Esta mulher é doida!

Violação? Temos pena. Se continuar a gravidez vai morrer ou ter graves problemas de saúde? É a vida. Não tem trabalho, já tem 6 filhos e não tem o que comer? Onde não comem 6 não comem 7. Gravidez ectópica? Azar o seu. Tem uma doença hereditária grave que não quer passar a um filho seu? Paciência, aguentem-se. Morreu-lhe um filho recentemente e não é capaz de ter outro agora? Não seja lamechas! Fetus in fetus? Esqueça! (A não ser que seja num homem, claro.) É uma criança de 10 anos que foi violada/abusada? Temos pena. Os 99 % de eficácia da pílula não foram suficientes? Azar, tivesse pensado nisso antes, quem a mandou fazer sexo?

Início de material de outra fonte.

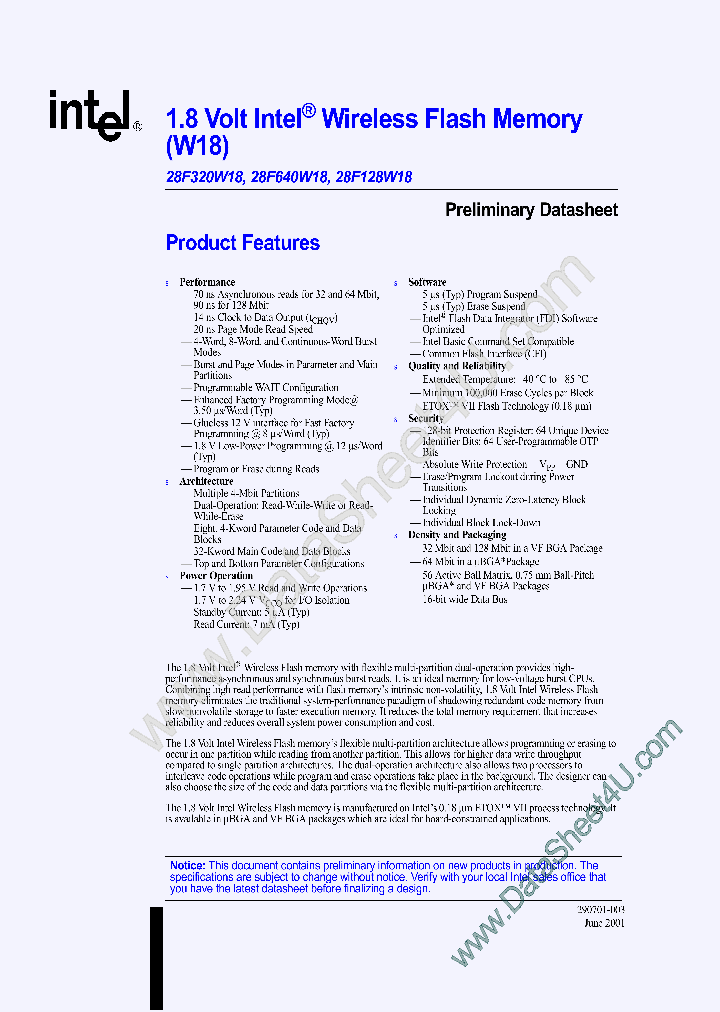 28F320W18_841492.PDF Datasheet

Eu acho que só se deve praticar sexo quando se está preparado para lidar com as suas consequências (pelo que não acho aconselhável miúdos com menos de 15/16 anos se iniciarem tão cedo, até por razões de saúde). Consequências emocionais, de saúde (DSTs, “cistites de lua-de-mel” e todos esses percalços de iniciantes), gravidezes, implicações no futuro profissional e pessoal… Isso não quer dizer que, se uma mulher engravidar porque teve sexo consentâneo e o método contraceptivo falhou (ou mesmo que o casal tenha sido pouco cuidadoso com o mesmo) tenha que prosseguir com uma gravidez indesejada e indesejável “para aprender”, porque “devia ter pensado nisso antes”, porque “ninguém a mandou fazer sexo”. As pessoas devem ser responsabilizadas pelos seus actos, mas punir alguém com a obrigação de levar a termo uma gravidez e gerar um filho é aviltante.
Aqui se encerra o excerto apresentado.